|
Intentia Sings Praises of SOA, Introduces Movex3
Published: April 11, 2006
by Dan Burger
Many companies with investments in RPG-based applications are at the integration crossroads. They know platform interoperability is the destination, but they are unsure of the best route. Sometimes when you are lost, the best thing to do is follow the guy in front of you. Following Intentia International is not a bad idea. One of the largest software vendors in the IBM midrange market, it made a decision years ago and the latest version of its enterprise software, Movex3, shows how far down the Java and XML development road it has gone.
Movex3, which was announced Monday at the Movex User Conference in Orlando, Florida, is designed so users get beyond the tunnel vision of "mechanical efficiency." Not that mechanical efficiency is the wrong goal, but Intentia prefers to see it as one of many goals.
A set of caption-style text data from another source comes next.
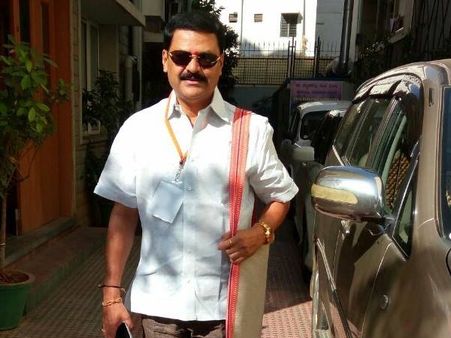 ಹಾಲಪ್ಪಗೆ ಸಾಗರದ ಟಿಕೆಟ್ : ಬೇಳೂರು ಗೋಪಾಲಕೃಷ್ಣ ಹೇಳಿದ್ದೇನು?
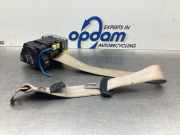 Sicherheitsgurt links hinten Audi A6 Avant 4B, C5 4B9857805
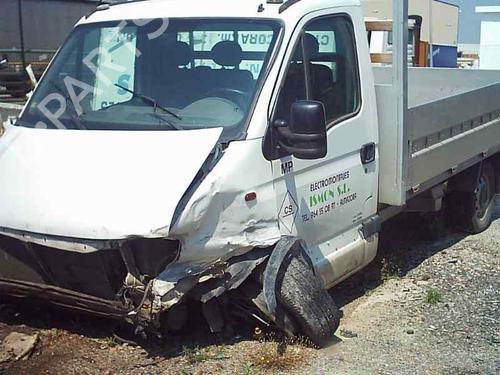 Engine mount OPEL MOVANO A Van (X70) 2.5 D (FD) | BP9086492M89  - Image 9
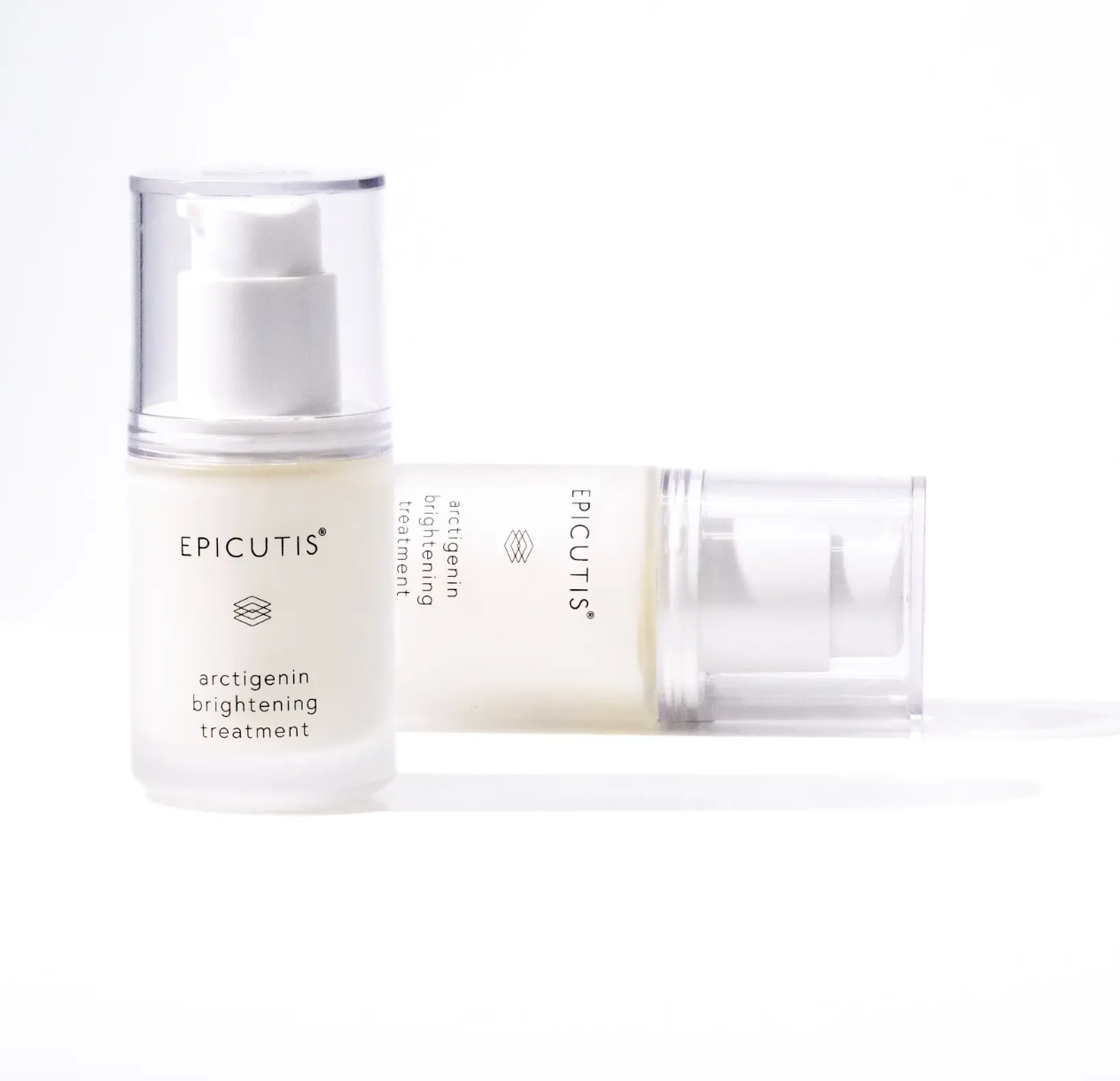 ARCTIGENIN BRIGHTENING TREATMENT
The decision-makers at Intentia say its customers benefit in terms of mechanical efficiency based on their long-term investments in Movex, and regardless of whether they choose to remain with the RPG version of Movex or convert to the Java- and XML-based version, that efficiency will remain at a high level. However, Beyond mechanical efficiency lies business efficiency and the bridge between them relies on interoperability, which, they say, is best served by portal technology (IBM WebSphere as middleware) and service oriented architecture (SOA).
For those who believe SOA adds unnecessary complexity and therefore becomes a drain on other priorities, Intentia points to its Active Document Adapter, which provides a business process layer for Movex3 applications to interoperate with other SOA-based Web services and applications. Because the interoperability takes place at the business logic level, rather than at the code level (as it does with traditional enterprise application integration), the brain trust at Intentia says it will dramatically improve a company's capability to change processes and connections as they become business requirements.
"Breaking down bulky enterprise applications into individual services delivers the flexibility benefits of SOA, but in its purest form, implementation complexity and cost is too high for mid-sized companies and would more than offset any gains," says Henrik Billgren, president of Intentia research and development. "Conversely, larger applications are simpler to deploy but are too rigid for today's dynamic business environment. We believe that Project ADA will enable us to take a sensible approach to SOA that's right for the mid-market by providing both business agility and implementation simplicity." A portion of that agility comes from a company's new opportunity to choose and change business partners based on the ability of those partners to deliver the best product or service, rather than resisting such changes because of the IT hurdles they create.
Companies can fit into several categories, says Intentia's CEO David Rode. There are companies that look at this as an IT challenge of converting green-screen applications to Java. "The mistakes that some companies make," Rode says, "are trying to copy what they are doing in RPG and make it the same in Java. The biggest reason for the move to Java is to make fundamental and dramatic change to the business processes that are being automated. Companies that recognize this upfront see the impact it will make in the bottom line. It's a shift in mentality. Those that want to mimic the old system using Movex are making it tough on themselves." Rode says the move to a new technology like Movex3 is about business processes as much as it is about converting RPG to Java or obtaining WebSphere middleware.
"The middleware is part of it," he says. "The less time you have integrating things into the system will factor into both more time and money, but it's equally important to consider the configuration of the system so that it maps to the way the company wants to automate its business processes."
With Movex3, Intentia also set out to improve the user experience. "We're declaring war on the traditional ERP user experience," Billgren said. "People should want to go into the system." This is a case of good information going to waste because users' access is cumbersome or balky. One of the objectives of Movex3 is to "eliminate the rigidity prevalent in the user experience of most ERP systems on the market." This lack of flexibility causes workers to use spreadsheets and other tools that are disconnected from the information in the ERP system. Enhancements to navigation within workflows, customization of forms, and a cleaner visual design are aimed at helping users complete core tasks.
The company, as soon as its merger with Lawson is complete (expected to happen before the end of April), will have an installed base of approximately 3,500 organizations. Approximately 400 of those customers are using the Java-based Movex. Approximately 95 percent of those 3,500 are iSeries shops that are heavily invested in RPG.
Intentia also chose this occasion to announce a product called QuickStep, which is designed to reduce the implementation time of pre-configured solutions for the company's primary industries, which include apparel, food and beverage, and distribution. And as a pathway to what the company says will be simpler and quicker upgrades to the Java-based product line, it added a roadmap called the Stepping Up program.